# Flounders/Red/Specs/Black Snapper



## Death From Above (Sep 28, 2007)

Took the family out yesterday. Ended up with 35 flounder, 2 reds, 3 trout and 3 black snapper. All caught west of the pass on finger mullet and bull minnows. Weather was beautiful.


----------



## Dragnfly (Jan 25, 2008)

UHHHHHHHH......WOW!!!.......:letsdrink


----------



## Capt. Blake Nelson (Feb 23, 2009)

Job well done!!! :clap


----------



## liam (Oct 7, 2007)

Wow Great Job Folks.Guess your eating good for a while .


----------



## Inshoreslayer24 (Mar 17, 2009)

I need a boat! Great job:toast


----------



## Whitie9688 (Sep 28, 2007)

good god! what all were yall using to catch all the flounder?


----------



## recess (Oct 8, 2007)

wow!! what a day i think some flounder sandwichs are in order or maybe a little stuffed flounder.Yum........ Thanks for the report .

TIM


----------



## Death From Above (Sep 28, 2007)

> *Whitie9688 (5/17/2009)*good god! what all were yall using to catch all the flounder?


Mostly bull minnow and finger mullet, but did pick up some on new penny gulps.


----------



## Goins13 (May 15, 2009)

congrats.your gonna be eatin good for awhile


----------



## P8NTMIKE (Mar 31, 2008)

That's fishing for sure! Good job.


----------



## Capt. Mickey Locke (Oct 4, 2007)

Thats what Im talking about! Dang fine mess of fish right there!


----------



## prostreet78 (Mar 2, 2008)

nice catch:clap


----------



## ammo angler (Oct 21, 2007)

And you wonder why they have fish regulations. Good grief

Rich 

Navarre


----------



## Live2Kayak~Kayak4Life (Apr 6, 2009)

I hate to gripe. But Rich from navarre seems like the only reasonable guy commenting so far. Ya thats a nice mess of fish. But i hope you don't do that everytime you go out. How about practicing a little catch and RELEASE next time! Save some flounder for the rest of us!


----------



## Wade Schepper (Mar 11, 2009)

heck of a catch. one of the best i've seen on the inshore reports. good job.:bowdown


----------



## Splittine (Nov 24, 2007)

> *Live2Kayak~Kayak4Life (5/17/2009)*I hate to gripe. But Rich from navarre seems like the only reasonable guy commenting so far. Ya thats a nice mess of fish. But i hope you don't do that everytime you go out. How about practicing a little catch and RELEASE next time! Save some flounder for the rest of us!

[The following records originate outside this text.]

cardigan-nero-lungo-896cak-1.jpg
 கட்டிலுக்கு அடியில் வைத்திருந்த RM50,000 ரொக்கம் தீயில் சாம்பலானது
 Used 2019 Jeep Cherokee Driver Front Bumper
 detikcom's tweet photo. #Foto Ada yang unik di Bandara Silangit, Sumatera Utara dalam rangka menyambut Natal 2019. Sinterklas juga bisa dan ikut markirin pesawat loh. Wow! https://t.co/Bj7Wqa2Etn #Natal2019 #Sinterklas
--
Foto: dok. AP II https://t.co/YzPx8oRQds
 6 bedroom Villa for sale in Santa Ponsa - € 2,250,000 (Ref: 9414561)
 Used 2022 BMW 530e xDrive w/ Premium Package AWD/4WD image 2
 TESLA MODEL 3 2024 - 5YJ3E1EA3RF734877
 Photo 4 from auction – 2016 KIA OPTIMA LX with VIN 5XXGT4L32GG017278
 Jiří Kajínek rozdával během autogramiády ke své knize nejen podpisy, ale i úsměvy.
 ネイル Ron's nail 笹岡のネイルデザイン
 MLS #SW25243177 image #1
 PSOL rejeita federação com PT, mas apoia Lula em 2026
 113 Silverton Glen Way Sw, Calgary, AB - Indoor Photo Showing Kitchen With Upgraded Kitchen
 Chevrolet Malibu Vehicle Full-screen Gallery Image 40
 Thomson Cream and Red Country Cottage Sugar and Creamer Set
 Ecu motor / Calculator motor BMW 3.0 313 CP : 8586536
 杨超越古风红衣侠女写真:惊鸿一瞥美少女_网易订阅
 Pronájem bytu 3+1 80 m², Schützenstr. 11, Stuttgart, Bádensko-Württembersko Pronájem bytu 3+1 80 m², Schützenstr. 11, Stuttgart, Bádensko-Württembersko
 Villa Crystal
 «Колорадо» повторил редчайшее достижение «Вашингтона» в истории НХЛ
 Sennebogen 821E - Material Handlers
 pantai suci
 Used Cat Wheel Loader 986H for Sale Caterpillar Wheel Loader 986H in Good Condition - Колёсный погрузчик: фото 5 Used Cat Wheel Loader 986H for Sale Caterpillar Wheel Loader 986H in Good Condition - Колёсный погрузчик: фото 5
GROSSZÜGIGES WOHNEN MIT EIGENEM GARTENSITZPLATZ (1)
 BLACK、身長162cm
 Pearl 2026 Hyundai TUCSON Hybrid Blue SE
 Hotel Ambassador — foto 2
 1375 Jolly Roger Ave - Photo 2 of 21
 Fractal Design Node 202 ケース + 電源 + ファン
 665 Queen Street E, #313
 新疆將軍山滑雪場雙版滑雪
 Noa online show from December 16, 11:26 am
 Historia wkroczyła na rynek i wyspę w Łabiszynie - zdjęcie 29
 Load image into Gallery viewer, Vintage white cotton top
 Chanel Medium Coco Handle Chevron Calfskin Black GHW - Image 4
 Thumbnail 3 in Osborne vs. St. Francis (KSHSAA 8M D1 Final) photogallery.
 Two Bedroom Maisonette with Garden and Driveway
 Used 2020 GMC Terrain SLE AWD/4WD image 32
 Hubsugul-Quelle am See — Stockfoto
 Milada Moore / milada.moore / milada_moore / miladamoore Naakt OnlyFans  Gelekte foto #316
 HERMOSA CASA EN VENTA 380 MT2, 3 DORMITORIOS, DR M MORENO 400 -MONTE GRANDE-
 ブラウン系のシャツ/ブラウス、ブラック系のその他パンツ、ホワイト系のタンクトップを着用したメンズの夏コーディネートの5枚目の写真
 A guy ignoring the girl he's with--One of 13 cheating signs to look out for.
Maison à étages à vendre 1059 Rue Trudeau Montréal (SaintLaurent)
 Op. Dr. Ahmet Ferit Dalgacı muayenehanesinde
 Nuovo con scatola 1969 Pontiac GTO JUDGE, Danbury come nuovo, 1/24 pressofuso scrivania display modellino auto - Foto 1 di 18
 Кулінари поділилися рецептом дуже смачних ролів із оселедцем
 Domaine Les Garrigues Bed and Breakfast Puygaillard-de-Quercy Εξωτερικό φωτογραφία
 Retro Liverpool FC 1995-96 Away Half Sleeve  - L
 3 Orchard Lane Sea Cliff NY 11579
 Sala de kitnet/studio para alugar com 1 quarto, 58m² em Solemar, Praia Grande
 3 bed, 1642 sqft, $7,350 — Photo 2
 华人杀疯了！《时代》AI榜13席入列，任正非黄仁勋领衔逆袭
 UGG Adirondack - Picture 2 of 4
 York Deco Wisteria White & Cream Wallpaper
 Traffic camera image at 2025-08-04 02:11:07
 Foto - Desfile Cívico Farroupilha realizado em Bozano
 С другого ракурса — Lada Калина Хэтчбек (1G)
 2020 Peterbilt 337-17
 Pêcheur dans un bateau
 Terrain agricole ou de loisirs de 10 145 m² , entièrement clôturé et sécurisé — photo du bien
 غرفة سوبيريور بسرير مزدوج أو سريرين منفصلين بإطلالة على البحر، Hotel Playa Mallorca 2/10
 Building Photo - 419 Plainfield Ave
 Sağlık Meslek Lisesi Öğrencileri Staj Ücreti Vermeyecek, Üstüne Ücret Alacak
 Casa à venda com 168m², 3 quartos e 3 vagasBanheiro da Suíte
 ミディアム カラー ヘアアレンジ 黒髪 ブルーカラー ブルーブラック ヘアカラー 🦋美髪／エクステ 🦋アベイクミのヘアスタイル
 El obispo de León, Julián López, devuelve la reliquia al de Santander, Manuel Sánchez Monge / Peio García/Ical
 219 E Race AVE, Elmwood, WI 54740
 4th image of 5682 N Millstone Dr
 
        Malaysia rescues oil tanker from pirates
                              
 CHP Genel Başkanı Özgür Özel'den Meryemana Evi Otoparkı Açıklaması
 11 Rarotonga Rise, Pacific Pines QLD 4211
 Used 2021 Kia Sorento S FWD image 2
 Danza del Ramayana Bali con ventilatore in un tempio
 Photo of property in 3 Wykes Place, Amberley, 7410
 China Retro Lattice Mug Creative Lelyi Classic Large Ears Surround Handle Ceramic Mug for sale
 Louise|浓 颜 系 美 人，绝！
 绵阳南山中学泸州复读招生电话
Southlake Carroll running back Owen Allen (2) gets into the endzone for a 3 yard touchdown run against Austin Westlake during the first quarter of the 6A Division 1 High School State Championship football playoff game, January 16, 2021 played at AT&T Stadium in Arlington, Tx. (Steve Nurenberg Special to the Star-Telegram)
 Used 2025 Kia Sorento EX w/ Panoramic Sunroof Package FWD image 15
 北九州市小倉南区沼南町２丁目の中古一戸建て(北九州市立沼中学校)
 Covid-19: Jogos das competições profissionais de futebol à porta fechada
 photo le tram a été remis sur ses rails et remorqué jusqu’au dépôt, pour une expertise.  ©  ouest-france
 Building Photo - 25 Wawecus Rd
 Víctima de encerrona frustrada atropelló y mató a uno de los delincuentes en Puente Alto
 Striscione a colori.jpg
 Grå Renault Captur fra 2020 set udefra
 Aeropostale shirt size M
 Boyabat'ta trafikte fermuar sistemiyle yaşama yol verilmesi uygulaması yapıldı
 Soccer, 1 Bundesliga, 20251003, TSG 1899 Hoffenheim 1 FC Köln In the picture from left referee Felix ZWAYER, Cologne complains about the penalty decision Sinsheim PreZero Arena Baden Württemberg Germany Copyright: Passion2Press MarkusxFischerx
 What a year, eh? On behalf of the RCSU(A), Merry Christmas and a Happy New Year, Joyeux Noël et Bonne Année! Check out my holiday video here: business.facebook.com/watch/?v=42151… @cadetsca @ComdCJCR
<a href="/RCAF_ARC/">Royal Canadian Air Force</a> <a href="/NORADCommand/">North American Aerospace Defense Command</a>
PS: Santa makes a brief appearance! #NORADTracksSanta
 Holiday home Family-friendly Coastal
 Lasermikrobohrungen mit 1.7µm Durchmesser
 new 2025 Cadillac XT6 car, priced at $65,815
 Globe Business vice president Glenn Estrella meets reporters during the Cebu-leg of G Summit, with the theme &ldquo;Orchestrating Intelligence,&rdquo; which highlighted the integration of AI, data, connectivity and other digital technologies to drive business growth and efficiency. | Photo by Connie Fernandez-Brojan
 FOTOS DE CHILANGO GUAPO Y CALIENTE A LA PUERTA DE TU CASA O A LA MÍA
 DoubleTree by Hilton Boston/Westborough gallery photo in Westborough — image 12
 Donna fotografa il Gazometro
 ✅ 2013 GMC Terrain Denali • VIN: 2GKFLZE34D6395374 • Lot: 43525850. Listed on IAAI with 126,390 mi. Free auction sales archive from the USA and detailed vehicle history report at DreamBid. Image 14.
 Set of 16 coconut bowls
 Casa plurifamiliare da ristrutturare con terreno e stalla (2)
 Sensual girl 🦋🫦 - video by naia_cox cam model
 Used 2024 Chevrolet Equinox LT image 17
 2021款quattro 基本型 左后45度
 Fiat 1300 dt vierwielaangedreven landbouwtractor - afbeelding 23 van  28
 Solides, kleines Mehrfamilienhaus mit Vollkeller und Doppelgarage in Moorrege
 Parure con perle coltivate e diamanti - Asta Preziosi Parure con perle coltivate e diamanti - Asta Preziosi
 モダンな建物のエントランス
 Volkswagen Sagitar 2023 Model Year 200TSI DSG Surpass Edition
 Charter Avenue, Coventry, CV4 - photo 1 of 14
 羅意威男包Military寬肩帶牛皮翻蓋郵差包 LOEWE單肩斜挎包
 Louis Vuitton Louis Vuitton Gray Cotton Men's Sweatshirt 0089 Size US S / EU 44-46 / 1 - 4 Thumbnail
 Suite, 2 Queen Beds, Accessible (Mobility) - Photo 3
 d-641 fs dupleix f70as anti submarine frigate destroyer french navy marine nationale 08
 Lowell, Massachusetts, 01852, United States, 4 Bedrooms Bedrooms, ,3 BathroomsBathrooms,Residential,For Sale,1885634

> *ammo angler (5/17/2009)*And you wonder why they have fish regulations. Good grief
> 
> Rich
> 
> Navarre


Hell the man goes out and catches his fish within the state regulations and your gonna give him hell about it. I suppose neither of yall ever kept yalls limit on any species of fish. The man bought fishing licenses, gas for boat, gas for truck, bait, etc so why cant he keep the LEGAL fish. Nice catch DFA keep bringing in the reports and keep catching your limit. You two need to get a life and quit being such as ass for a man catching some fish with his family.


----------



## Inshoreslayer24 (Mar 17, 2009)

> *Splittine (5/17/2009)*
> 
> 
> > *Live2Kayak~Kayak4Life (5/17/2009)*I hate to gripe. But Rich from navarre seems like the only reasonable guy commenting so far. Ya thats a nice mess of fish. But i hope you don't do that everytime you go out. How about practicing a little catch and RELEASE next time! Save some flounder for the rest of us!
> ...




I agree with Splittine. Do not bash someone for catching fish within the legal limit. He is kind enough to post his catch so that we can see what is biting, and someone is going to say save some flounder for us. I think that is just plain selfish.


----------



## angus_cow_doctor (Apr 13, 2009)

For the record, there are SOOOOOOOOOOOOOOOOOOOOOo many flounder out there that he did not even make so much as a scratch in the population. They reproduce like rabbits. I look at it as he did some population control...:bowdown


----------



## Death From Above (Sep 28, 2007)

> *Live2Kayak~Kayak4Life (5/17/2009)*I hate to gripe. But Rich from navarre seems like the only reasonable guy commenting so far. Ya thats a nice mess of fish. But i hope you don't do that everytime you go out. How about practicing a little catch and RELEASE next time! Save some flounder for the rest of us!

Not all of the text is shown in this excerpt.